Do Cabo Bojador a Arguim


Imagem original: NASA

Delicioso relato de António Borges Coelho da viagem expedição de 1445

"Lançarote, os juízes, o alcaide e os oficiais da vereação da vila de Lagos obtiveram licença para nova expedição. Nesta terra fizestes a maior parte das vossas armações, disseram ao Infante. Além de Lançarote, os capitães eram Soeiro da Costa, seu sogro, que tinha estado na batalha de Azincourt, Álvaro de Freitas, comendador da Ordem de Santiago, Gomes Pires, patrão d'el-rei, Rodrigo Anes de Travassos, criado do Regente e escudeiro mui adido, Palenço que fizera grande guerra contra os mouros, Gil Eanes de Lagos e Estevâo Afonso. De Lagos partiam 13 caravelas. De Lisboa e da ilha da Madeira, o resto.

Dinis Dias, o primeiro que passou à terra dos negros, armou a caravela de D. Álvaro de Castro; Tristão, um dos capitães da Madeira, capitaneou a sua; ia outra caravela da Atouguia; João Gonçalves Zarco enviava duas caravelas. A expedição juntou 26 caravelas, mais a fusta do Palenço, um navio do Picanço e uma caravela de Tavira. A Madeira tornava-se o vértice do triângulo em cujos ângulos se assentavam Lagos e Lisboa. Os novos mares mobilizavam também o investimento dalguns fidalgos.


Esta expedição visava estabelecer uma base nas ilhas do golfo de Arguim. Chegados ao Cabo Branco, desembarcaram 328 homens a pé. Álvaro de Freitas comandou os lanceiros, Lançarote os besteiros e Soeiro da Costa e Dinis Eanes da Grã os homens de armas. Gil Eanes, agora cavaleiro, levava a bandeira de cruzada. Atacaram a ilha das Garças. Depois da refrega, da morte, da captura e da fuga dos habitantes, armaram cavaleiros Soeiro da Costa e Dinis Eanes da Grã.


Seis destas caravelas passaram as duas palmeiras que Dinis Dias avistara e chegaram ao Rio Senegal. A gente daquela terra verde era negra. No regresso, pasaram pelo Rio do Ouro. Trouxeram-lhes água em camelos e em peles de lobos marinhos. Entalhadas nalgumas árvores viram as armas do Infante e o seu mote 'Talent de bien faire'.

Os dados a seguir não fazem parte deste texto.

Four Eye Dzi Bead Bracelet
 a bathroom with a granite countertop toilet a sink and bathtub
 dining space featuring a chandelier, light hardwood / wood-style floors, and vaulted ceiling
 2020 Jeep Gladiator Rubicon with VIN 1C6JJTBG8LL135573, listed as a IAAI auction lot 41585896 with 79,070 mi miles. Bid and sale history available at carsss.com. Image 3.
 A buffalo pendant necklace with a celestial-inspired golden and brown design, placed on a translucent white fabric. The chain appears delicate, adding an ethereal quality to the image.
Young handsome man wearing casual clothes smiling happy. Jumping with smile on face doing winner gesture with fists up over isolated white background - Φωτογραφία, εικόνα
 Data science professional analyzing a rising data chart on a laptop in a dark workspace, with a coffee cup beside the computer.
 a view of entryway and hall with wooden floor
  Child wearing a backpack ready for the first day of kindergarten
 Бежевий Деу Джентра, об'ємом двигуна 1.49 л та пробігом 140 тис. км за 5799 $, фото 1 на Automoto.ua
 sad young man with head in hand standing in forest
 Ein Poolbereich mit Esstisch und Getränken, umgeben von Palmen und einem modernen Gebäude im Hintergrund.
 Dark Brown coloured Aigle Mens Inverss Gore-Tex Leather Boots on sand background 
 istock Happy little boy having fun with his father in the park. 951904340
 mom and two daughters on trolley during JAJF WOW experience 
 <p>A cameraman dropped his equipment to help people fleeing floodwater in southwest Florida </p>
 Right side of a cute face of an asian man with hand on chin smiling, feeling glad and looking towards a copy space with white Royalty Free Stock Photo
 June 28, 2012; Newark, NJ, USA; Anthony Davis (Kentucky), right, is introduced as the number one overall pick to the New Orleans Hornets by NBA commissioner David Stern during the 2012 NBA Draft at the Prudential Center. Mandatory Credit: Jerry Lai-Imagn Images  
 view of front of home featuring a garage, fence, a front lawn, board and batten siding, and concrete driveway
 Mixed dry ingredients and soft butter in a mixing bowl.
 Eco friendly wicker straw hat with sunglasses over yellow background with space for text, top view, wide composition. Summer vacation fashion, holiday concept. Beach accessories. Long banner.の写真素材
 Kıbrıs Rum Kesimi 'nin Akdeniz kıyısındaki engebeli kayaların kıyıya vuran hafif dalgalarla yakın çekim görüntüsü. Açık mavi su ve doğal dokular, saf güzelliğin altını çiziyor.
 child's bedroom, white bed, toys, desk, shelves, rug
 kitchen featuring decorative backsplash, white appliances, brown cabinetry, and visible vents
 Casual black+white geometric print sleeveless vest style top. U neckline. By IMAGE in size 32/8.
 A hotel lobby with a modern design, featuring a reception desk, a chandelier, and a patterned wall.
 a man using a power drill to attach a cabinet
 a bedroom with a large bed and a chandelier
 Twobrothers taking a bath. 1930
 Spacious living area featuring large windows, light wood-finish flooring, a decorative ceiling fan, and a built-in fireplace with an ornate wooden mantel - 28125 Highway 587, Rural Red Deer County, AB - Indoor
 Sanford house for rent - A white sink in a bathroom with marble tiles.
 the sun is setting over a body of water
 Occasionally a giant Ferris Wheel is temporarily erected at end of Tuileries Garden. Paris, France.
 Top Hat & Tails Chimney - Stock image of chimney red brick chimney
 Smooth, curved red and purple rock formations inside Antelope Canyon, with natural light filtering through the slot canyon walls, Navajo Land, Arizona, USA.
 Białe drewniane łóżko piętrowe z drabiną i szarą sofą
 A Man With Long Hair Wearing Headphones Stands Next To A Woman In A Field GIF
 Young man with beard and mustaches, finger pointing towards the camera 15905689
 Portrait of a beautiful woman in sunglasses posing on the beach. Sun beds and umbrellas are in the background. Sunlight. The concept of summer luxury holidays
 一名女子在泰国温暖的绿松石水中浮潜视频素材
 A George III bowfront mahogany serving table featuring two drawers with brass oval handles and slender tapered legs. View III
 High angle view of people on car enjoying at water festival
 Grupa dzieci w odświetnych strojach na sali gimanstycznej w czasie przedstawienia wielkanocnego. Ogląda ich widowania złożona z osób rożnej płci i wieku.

Numa das caravelas de João Gonçalves Zarco, ia Álvaro Fernandes, seu sobrinho. Devia seguir directamente para a terra dos Negros. No Senegal, encheram duas pipas de água, trouxeram uma para Lisboa. Nem Alexandre Magno bebera daquela água. Passaram cabo Verde, a ilha de Goreia e chegaram ao Cabo dos Mastros. Tentaram apanhar negros. Fugiam muito, andavam nus e não tinham cabelos para agarrar.


Voltaram a Lisboa pela Madeira."


Coelho, A (2011). Largada das Naus. História de Portugal, volume III. Editorial Caminho, Alfragide.